Interesting! Glad to see our method being utilized in future research.
Do you have any metrics (e.g., Explained Variance or CE loss difference) on how SAEs trained on a specific dataset perform when applied to others? I suspect that if there is a small gap between the explained variance on the training dataset and other datasets, we might infer that, even though there’s no one-to-one correspondence between features learned across datasets, the combination of features retains a degree of similarity.
Additionally, it would be intriguing to investigate whether features across datasets become more aligned as training steps increase. I suspect a clear correlation between the number of training steps and the percentage of matched features, up to a saturation point.
Regarding the cross-dataset metric, it is interesting to test how the training dataset applies to different datasets, and I’ll share the comparison in the comments after measurement. If the combination of features retains a degree of similarity, contrary to my subset hypothesis above, this might be because there is a diverse combination of feature sets (i.e., basis in feature space), which could be why feature matching is generally lower (ideally, it would be one).
I also observed feature changes over training steps, noting about a 0.7 matching ratio between 1e8 tokens and 4e8 tokens (even though the loss change was not significant during training), indicating a considerable impact. However, due to an insufficient budget to allow convergence in various scenarios, I was unable to include this test in my research. One concern is whether the model will converge to a specific feature set or if there will be oscillatory divergence due to continuous streaming. This certainly seems like an interesting direction for further research.

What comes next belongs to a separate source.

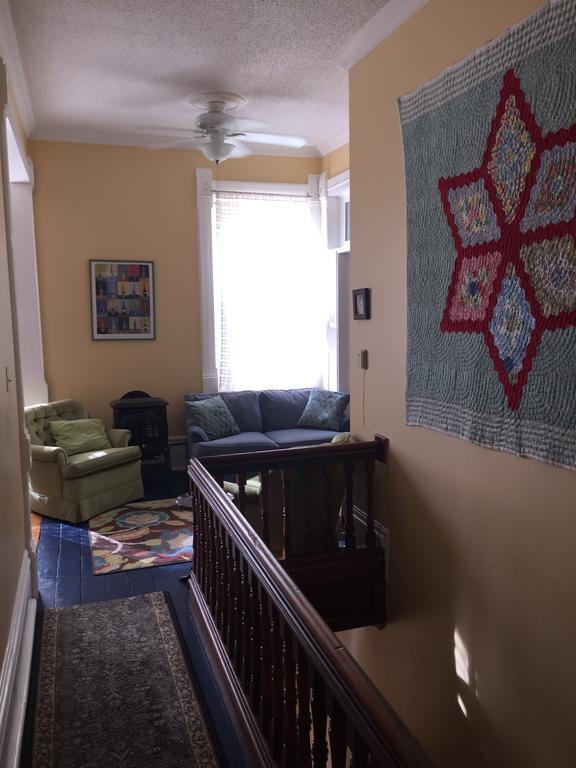 Loyalist Lofts Apartment Пиктън Екстериор снимка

This plot illustrates how the choice of training and evaluation datasets affects reconstruction quality. Specifically, it shows: 1) Explained variance of hidden states, 2) L2 loss across different training and evaluation datasets, and 3) Downstream CE differences in the language model.
The results indicate that SAEs generalize reasonably well across datasets, with a few notable points:
SAEs trained on TinyStories struggle to reconstruct other datasets, likely due to its synthetic nature.
Web-based datasets (top-left 3x3 subset) perform well on each other, although the CE difference and L2 loss are still 2–3 times higher compared to evaluating on the same dataset. This behavior aligns with expectations but suggests there could be methods to enhance generalizability beyond training separately on each dataset. This is particularly intriguing, given that my team is currently exploring dataset-related effects in SAE training.
Conclusively, the explained variance approaching 1 indicates that even without direct feature matching, the composition of learned features remains consistent across datasets, as hypothesized. (The code is available in the same repository. results were evaluated on 10k sequences per dataset)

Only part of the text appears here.